Titolo: Garage
Mi trovo in un garage, di quelli condominiali, con il posto macchina chiuso dalle saracinesche. Entro in quello che dovrebbe essere il mio posto auto con un altro ragazzo, che non vedo in volto, ma che di certo conosco. La macchina è posteggiata e le passo accanto per andare a prendere la vespa posteggiata dietro alla macchina.
Indosso il casco. Mentre sono davanti alla vespa, mi chino perché la gomma sembra sgonfia. mi giro cercando questo ragazzo che è con me, ma mi sento spingere da lui la testa contro il muro. In qualche modo cerco di divincolarmi, ci riesco ed entro nella macchina, dove trovo sul sedile del passeggero la chiave spezzata dell'auto.
Esco dal garage a piedi, il ragazzo non so più dove sia, e mi trovo altre persone davanti, tutte indaffarate a mettere a posto auto moto ecc. Parlo con qualcuno cercando di capire cosa fosse accaduto. |
Hectorito
Il garage, luogo simbolo delle aggressioni.

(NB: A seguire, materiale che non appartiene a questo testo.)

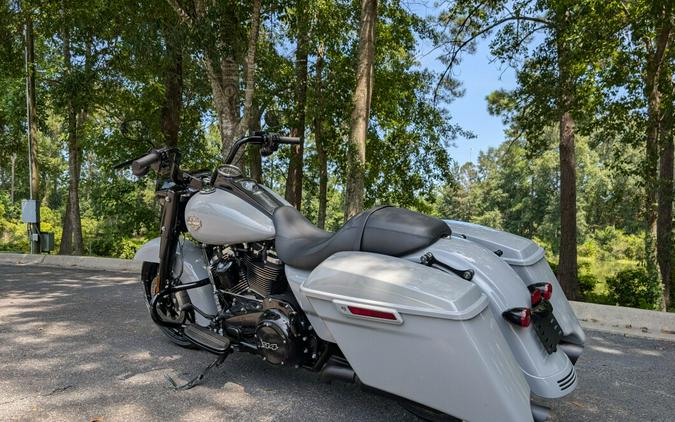 FLHRXS 2025 Road King™ Special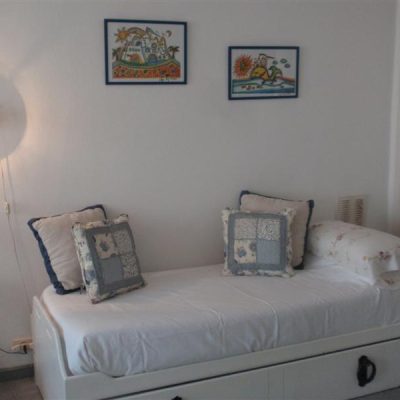 Punta del este – edificio lafayette – 2 ambientes – cochera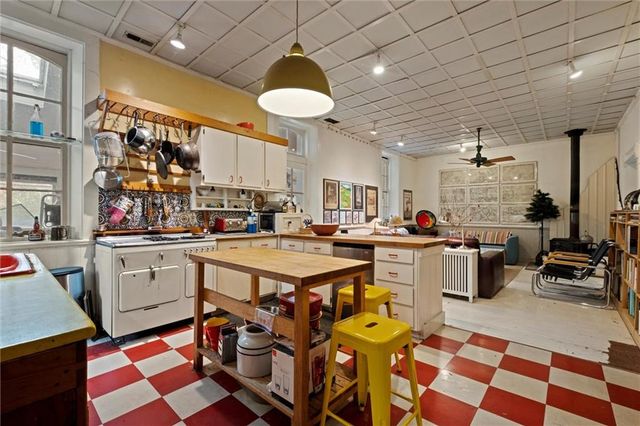 25130 Chieftain Road, Lawrence, KS 66044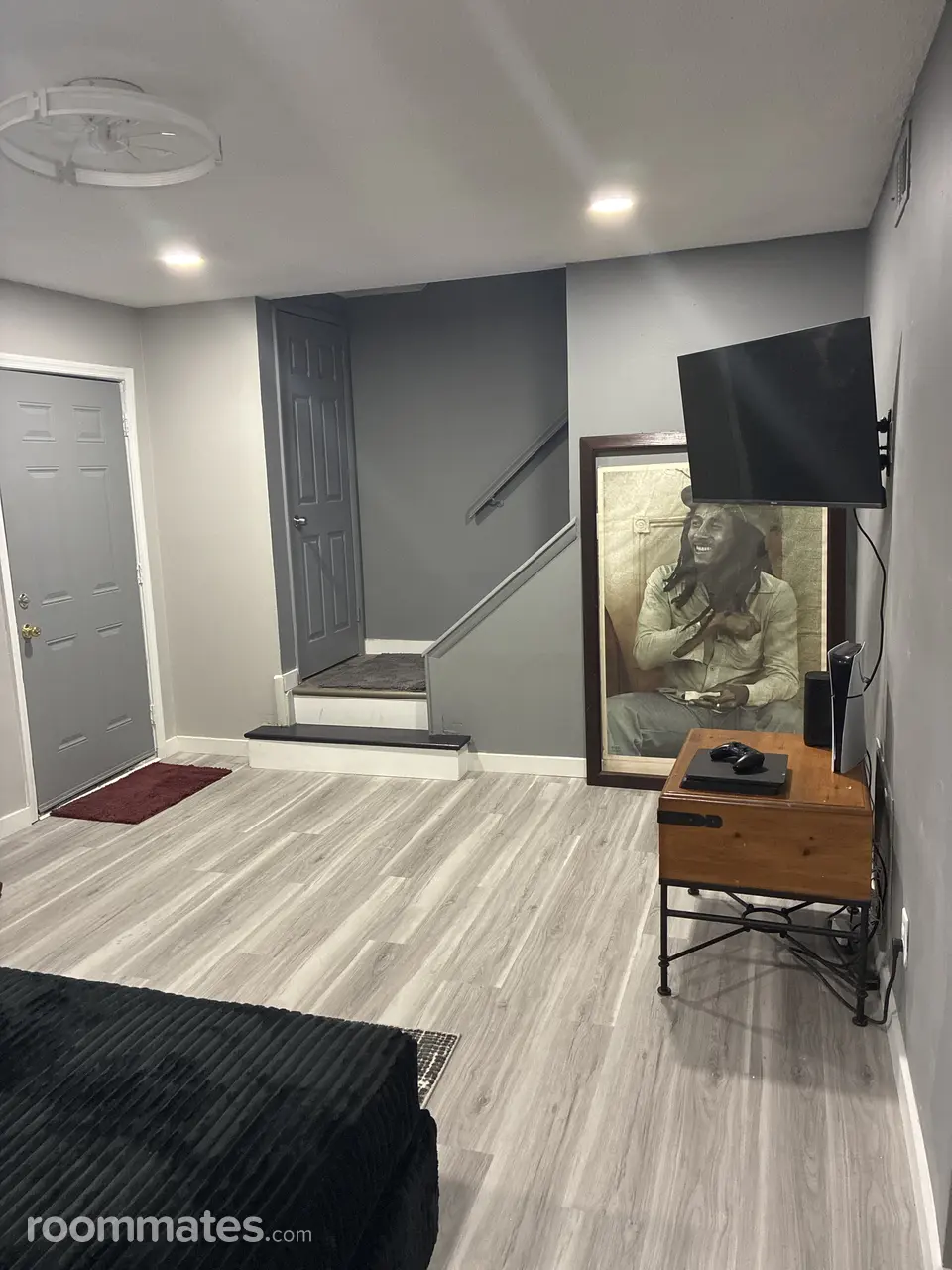 Profile photo 2 of 11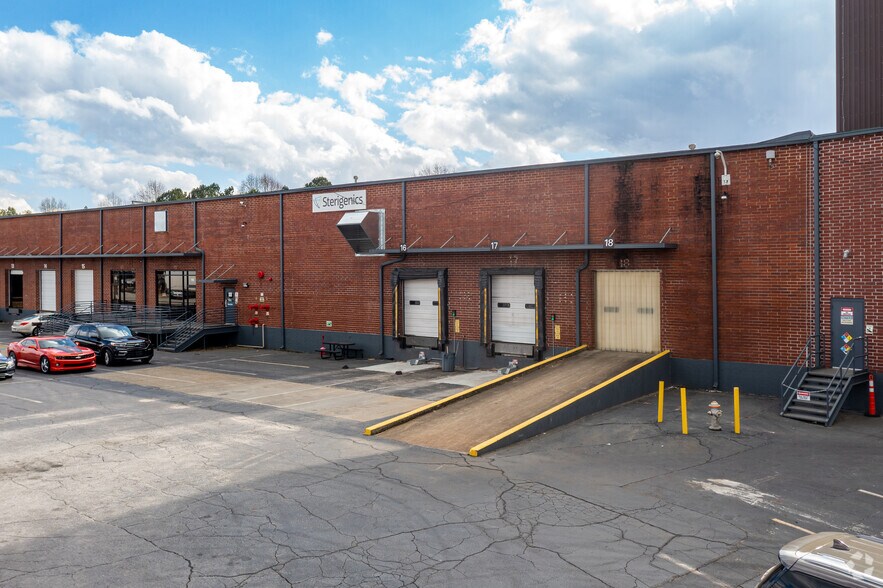 More Photos Of 2971 Olympic Industrial Dr SE, Smyrna Warehouse For Lease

Chi non ha mai avuto paura di entrare in un garage, luogo isolato, male illuminato, dove si sente solo l’eco dei propri passi, dove un ipotetico malintenzionato può nascondersi dietro ad ogni colonna o ad ogni angolo?
Credo che questo sogno sia semplicemente la proiezione di una delle nostre tante paure. La paura dei luoghi solitari, la paura di essere aggrediti, scippati, violentati. Una paura che nelle ragazze è ovviamente ancora più presente, ma da cui anche i maschietti non sono immuni. Ci si suggestiona facilmente, in certi luoghi, come si faceva da ragazzini, quando si “creavano” le paure attraverso un procedimento di autosuggestione che ci portava dal mondo della realtà al mondo parallelo degli incubi, per dirla alla Dylan Dog. E la chiave spezzata rappresenta l’interruzione, il punto di passaggio. Un attimo prima sei nel calore della tua stanza, improvvisamente ti trovi nell’incubo provocato da un rumore sospetto e dalla tua autosuggestione.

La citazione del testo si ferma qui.